▶ [Problem to solve]:
Transcribe exactly the line that contains "Toyota Land Cruiser HDJ 100 2003 Black" and every line after it to the end of the entries, and nothing more.

====

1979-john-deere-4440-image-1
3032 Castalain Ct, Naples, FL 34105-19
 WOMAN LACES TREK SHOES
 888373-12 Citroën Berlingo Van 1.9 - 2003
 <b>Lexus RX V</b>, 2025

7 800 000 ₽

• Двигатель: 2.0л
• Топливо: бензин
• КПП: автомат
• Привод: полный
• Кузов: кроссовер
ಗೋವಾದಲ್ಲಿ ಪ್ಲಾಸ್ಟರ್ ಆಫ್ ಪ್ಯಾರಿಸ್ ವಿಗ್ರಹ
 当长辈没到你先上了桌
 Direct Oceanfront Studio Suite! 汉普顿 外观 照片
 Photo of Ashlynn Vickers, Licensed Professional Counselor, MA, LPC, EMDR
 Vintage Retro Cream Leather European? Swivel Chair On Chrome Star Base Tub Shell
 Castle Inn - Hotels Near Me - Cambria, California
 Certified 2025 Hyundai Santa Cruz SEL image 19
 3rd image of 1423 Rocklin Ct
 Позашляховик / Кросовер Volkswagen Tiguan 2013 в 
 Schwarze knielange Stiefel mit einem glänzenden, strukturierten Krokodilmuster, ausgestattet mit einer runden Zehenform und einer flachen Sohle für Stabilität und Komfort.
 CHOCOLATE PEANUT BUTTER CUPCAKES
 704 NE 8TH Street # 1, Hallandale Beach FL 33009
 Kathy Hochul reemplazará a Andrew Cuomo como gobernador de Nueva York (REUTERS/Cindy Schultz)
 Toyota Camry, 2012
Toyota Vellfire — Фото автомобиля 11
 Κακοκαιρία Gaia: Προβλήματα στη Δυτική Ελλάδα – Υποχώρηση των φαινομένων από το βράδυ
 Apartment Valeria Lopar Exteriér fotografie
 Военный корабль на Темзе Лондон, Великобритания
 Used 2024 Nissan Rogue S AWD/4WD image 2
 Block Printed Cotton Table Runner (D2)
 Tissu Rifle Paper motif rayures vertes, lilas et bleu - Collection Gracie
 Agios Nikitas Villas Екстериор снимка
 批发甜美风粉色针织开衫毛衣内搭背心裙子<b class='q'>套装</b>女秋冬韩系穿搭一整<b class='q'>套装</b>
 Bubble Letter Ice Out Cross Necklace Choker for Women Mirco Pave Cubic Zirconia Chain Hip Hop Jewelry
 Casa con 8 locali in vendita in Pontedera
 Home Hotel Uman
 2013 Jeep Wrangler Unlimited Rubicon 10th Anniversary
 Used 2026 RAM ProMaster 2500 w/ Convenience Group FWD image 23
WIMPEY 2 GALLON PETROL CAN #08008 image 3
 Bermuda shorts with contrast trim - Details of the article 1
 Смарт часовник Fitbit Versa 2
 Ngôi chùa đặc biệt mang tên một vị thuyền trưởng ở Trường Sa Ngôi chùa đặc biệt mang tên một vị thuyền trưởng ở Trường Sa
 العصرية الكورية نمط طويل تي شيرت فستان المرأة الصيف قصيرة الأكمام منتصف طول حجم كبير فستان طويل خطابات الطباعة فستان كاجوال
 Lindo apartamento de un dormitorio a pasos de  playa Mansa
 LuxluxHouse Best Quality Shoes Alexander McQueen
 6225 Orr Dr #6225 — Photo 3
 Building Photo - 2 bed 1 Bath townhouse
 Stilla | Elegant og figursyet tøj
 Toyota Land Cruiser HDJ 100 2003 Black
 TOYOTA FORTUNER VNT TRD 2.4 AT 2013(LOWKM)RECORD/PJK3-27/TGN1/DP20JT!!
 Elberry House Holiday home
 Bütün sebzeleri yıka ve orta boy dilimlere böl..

====

▶ [Solved exercise]:
 Toyota Land Cruiser HDJ 100 2003 Black
 TOYOTA FORTUNER VNT TRD 2.4 AT 2013(LOWKM)RECORD/PJK3-27/TGN1/DP20JT!!
 Elberry House Holiday home
 Bütün sebzeleri yıka ve orta boy dilimlere böl..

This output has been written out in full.